In the listing below, find each line that holds the string "with" and copy it.

> Working data
+===+
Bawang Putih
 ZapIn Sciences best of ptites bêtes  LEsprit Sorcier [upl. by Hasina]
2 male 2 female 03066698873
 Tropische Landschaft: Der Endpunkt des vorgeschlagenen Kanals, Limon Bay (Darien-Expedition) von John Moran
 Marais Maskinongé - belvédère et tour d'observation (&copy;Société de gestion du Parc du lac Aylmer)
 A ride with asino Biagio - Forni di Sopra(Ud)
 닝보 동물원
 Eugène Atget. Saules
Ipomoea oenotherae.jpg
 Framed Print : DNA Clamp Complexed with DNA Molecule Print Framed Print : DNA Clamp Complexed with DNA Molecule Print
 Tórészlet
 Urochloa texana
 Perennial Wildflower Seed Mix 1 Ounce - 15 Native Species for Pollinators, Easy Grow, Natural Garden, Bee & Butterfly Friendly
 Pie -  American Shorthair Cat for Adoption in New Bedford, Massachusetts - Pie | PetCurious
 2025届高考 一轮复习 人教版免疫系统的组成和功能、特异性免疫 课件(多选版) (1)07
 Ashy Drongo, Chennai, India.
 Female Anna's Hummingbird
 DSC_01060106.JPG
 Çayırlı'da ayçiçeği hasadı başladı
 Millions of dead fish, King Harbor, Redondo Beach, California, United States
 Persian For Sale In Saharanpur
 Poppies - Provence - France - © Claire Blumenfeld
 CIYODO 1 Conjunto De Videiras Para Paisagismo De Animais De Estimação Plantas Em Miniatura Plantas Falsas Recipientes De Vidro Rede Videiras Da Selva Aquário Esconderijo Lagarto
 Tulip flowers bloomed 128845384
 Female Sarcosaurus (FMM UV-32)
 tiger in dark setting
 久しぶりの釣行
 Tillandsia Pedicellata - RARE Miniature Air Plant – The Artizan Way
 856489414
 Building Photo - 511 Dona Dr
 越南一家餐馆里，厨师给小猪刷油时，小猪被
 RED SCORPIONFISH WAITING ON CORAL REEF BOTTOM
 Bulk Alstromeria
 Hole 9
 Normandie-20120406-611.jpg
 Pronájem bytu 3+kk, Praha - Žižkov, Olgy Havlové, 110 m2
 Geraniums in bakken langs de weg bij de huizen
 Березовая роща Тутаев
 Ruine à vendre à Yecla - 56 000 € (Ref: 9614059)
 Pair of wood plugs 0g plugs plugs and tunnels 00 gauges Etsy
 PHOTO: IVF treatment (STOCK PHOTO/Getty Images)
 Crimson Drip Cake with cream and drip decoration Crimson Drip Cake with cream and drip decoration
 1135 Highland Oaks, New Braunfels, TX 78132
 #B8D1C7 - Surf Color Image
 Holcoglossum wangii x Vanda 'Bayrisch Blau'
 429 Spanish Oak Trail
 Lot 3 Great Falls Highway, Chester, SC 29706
+===+
> Exercise response
 A ride with asino Biagio - Forni di Sopra(Ud)
 Framed Print : DNA Clamp Complexed with DNA Molecule Print Framed Print : DNA Clamp Complexed with DNA Molecule Print
 Crimson Drip Cake with cream and drip decoration Crimson Drip Cake with cream and drip decoration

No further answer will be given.